A partir du conseil donné par l’école primaire, l’enfant va devoir choisir trois établissements. Pour faire son choix, il va consulter sur Internet les résultats des différentes écoles, se renseigner sur le temps de trajet à vélo, étudier les brochures et se rendre aux journées portes ouvertes durant lesquelles il lui est possible de suivre des leçons, de visiter les locaux, de rencontrer les élèves et les professeurs. Chaque établissement doit se vendre. On peut parler de concurrence oui, mais c’est dans l’intérêt de la qualité de l’enseignement et de la diversité de l’offre, car finalement en fin de scolarité secondaire le « bac » est le même partout.

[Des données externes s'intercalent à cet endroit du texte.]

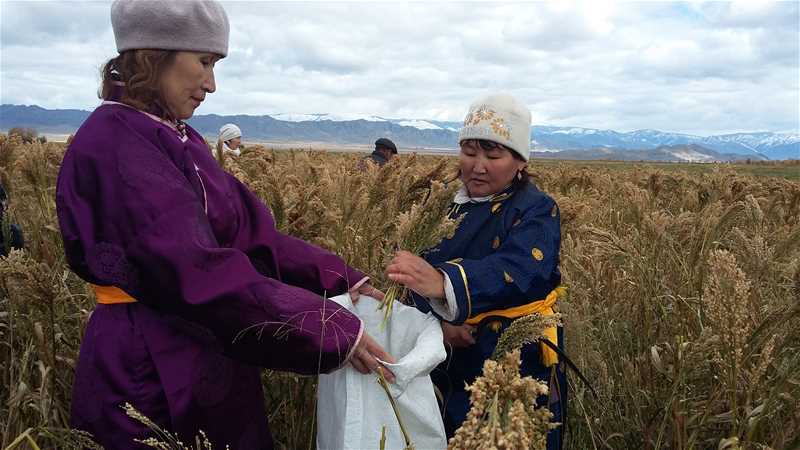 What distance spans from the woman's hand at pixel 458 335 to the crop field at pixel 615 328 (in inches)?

Dans l’école qui est le premier choix de notre fils, l’enfant suit un enseignement général avec, s’il le souhaite, du latin dès la deuxième année. Comme notre fils aura peut-être des facilités en français, il peut éventuellement passer le bac de français une année plus tôt. Ce qui l’attire aussi, c’est la possibilité de ne pas assister à certains cours dans les matières pour lesquelles il aurait au moins 14 de moyenne et d’utiliser ces heures libérées pour développer un autre talent. L’élève s’engage néanmoins à garder sa moyenne d’au moins 14 dans la matière aux horaires allégés. Et vous savez quoi ? Dans la pratique, les enfants réussissent car ils sont motivés et donc prêts à fournir plus de travail personnel. Notre onze ans aimerait devenir Designer automobile. Il se voit bien utiliser cette option pour prendre des cours de graphisme et de dessin dans le cadre scolaire.

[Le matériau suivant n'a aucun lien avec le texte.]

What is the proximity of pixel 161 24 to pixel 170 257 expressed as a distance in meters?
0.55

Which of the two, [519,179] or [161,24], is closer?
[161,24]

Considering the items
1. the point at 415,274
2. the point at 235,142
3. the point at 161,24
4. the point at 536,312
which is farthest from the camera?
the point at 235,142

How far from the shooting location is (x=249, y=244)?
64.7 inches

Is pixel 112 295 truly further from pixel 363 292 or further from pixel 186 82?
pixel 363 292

Dans une autre école, il est possible de suivre l’enseignement en anglais ou dans une autre encore de faire un Technasium, c’est-à-dire qu’en plus des matières générales, les enfants ont « recherche et développement » et travaillent sur des concepts techniques comme par exemple la construction d’une ville 100% écologique ou un système d’assainissement de l’eau au Kenya. Idéal pour les futurs ingénieurs.

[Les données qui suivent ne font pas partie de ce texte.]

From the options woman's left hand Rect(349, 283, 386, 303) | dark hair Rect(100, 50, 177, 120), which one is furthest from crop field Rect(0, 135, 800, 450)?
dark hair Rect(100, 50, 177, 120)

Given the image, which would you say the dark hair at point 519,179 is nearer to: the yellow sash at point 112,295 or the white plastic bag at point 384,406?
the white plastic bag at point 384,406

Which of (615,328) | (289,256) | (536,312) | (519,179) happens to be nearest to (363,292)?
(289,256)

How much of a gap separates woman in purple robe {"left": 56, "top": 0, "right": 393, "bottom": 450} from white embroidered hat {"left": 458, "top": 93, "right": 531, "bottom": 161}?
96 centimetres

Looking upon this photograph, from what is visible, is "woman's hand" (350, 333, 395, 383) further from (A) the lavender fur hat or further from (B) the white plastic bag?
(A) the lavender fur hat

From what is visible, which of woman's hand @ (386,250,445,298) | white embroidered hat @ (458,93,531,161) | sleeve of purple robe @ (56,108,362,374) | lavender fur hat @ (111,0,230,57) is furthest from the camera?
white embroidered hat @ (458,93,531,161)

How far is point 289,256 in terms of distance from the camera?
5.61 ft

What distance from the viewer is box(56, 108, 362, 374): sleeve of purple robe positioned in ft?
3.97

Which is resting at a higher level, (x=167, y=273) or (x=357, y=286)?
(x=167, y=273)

Si notre onze ans n’est pas tiré au sort dans l’école qui a sa préférence, ses deux autres choix se portent sur des Gymnasium, filière généraliste avec en bonus du grec et du latin. Pour avoir assisté lors d’une journée portes ouvertes à une leçon, j’avoue que je comprends son engouement pour ces deux langues dites mortes : elles sont les racines de notre culture, de la démocratie, de notre droit. Et quel plaisir de maitriser l’épistémologie. Saviez-vous par exemple que sur le fronton de la bibliothèque d’Alexandrie se trouvait l’inscription « Psychies iatreion », c’est-à-dire « hôpital de l’âme » ?
Mais je m’égare.
Je trouve formidable que les enfants aient l’opportunité si jeunes de réfléchir à leur avenir et de choisir leur école car au-delà des résultats de l’établissement et des programmes à la carte, tout le monde est unanime (les instituteurs, les professeurs, les parents), l’enfant doit écouter son intuition et aller là où il se sent à sa place.